An ear for music: Piano teacher still at the keyboard at age 82

January 17, 2011 

Lois Horn has taught piano for more than 64 years, and despite problems with her vision and right hand, she is still going strong at age 82.

"I am so grateful and lucky," she said. "I have had a lot of people help me everywhere I've been. Now, more than ever, I have a marvelous support system."

Horn was late to find her passion in playing the piano but did, thanks to a friend in her hometown of Syracuse, N.Y.

"I was a very late starter," she said. "I played in high school with a friend, and I taught myself and tried to keep up with her."

She achieved a bachelor's degree in piano from Syracuse University and later received a master's in piano from Michigan State University.

"I ended up staying at Michigan as an instructor, teaching music majors," Horn said. "In the summers, we had a special program for gifted high schoolers, and I became the head of that program."

Horn met her husband of 53 years, Al, on campus when he was trying to date one of her girlfriends:

"Al was a college of forestry professor, and luckily my girlfriend had just found 'the one,' so she passed Al on to me," she recalled.

The couple were married in 1954 in Syracuse. They were only going to be in Syracuse for a few years while Al got his PhD, but they ended up spending half a lifetime in the city. Horn raised their children -- Allen, Lisa and Larry -- while teaching piano 20 hours a week to 20 students.

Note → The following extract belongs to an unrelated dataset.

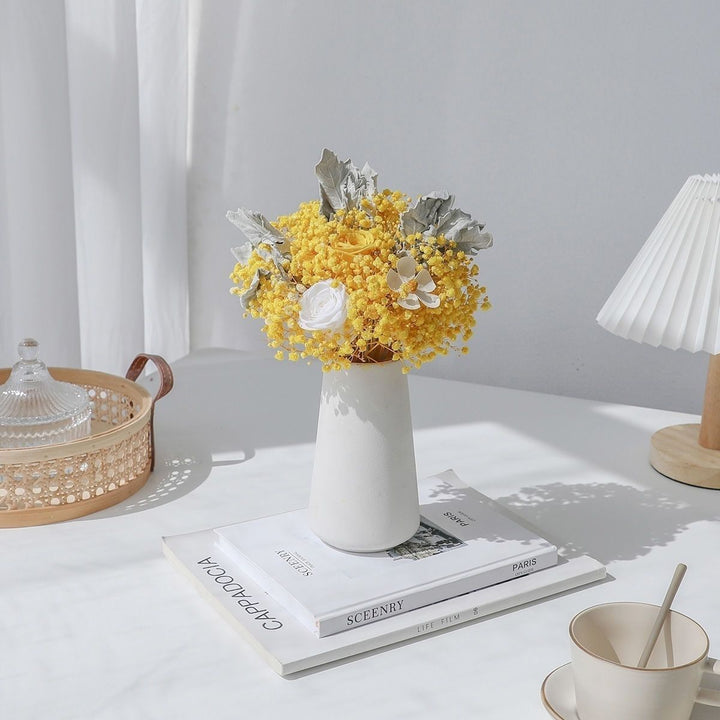 Decorative Floral Vase Display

"I had my studio in our home, and I worked at Cazenovia College," she said. "My students were highly motivated and often winners in competitions."

THE PIANO TEACHER

Their three children all played the piano, but no one could keep up with Horn, who also trained with world-famous pianist Leon Fleisher in the 1970s. Horn worked hard and performed at many concerts, always growing her already expansive skills at the keys.

"I convinced Leon to work with me for a year," Horn said. "He taught me technical stuff -- the musicology of a piece and what the composer was writing -- that I could bring out for the audience."

Horn landed in the Lowcountry in 1994 when her husband Al was ready to leave the Syracuse winters behind for good.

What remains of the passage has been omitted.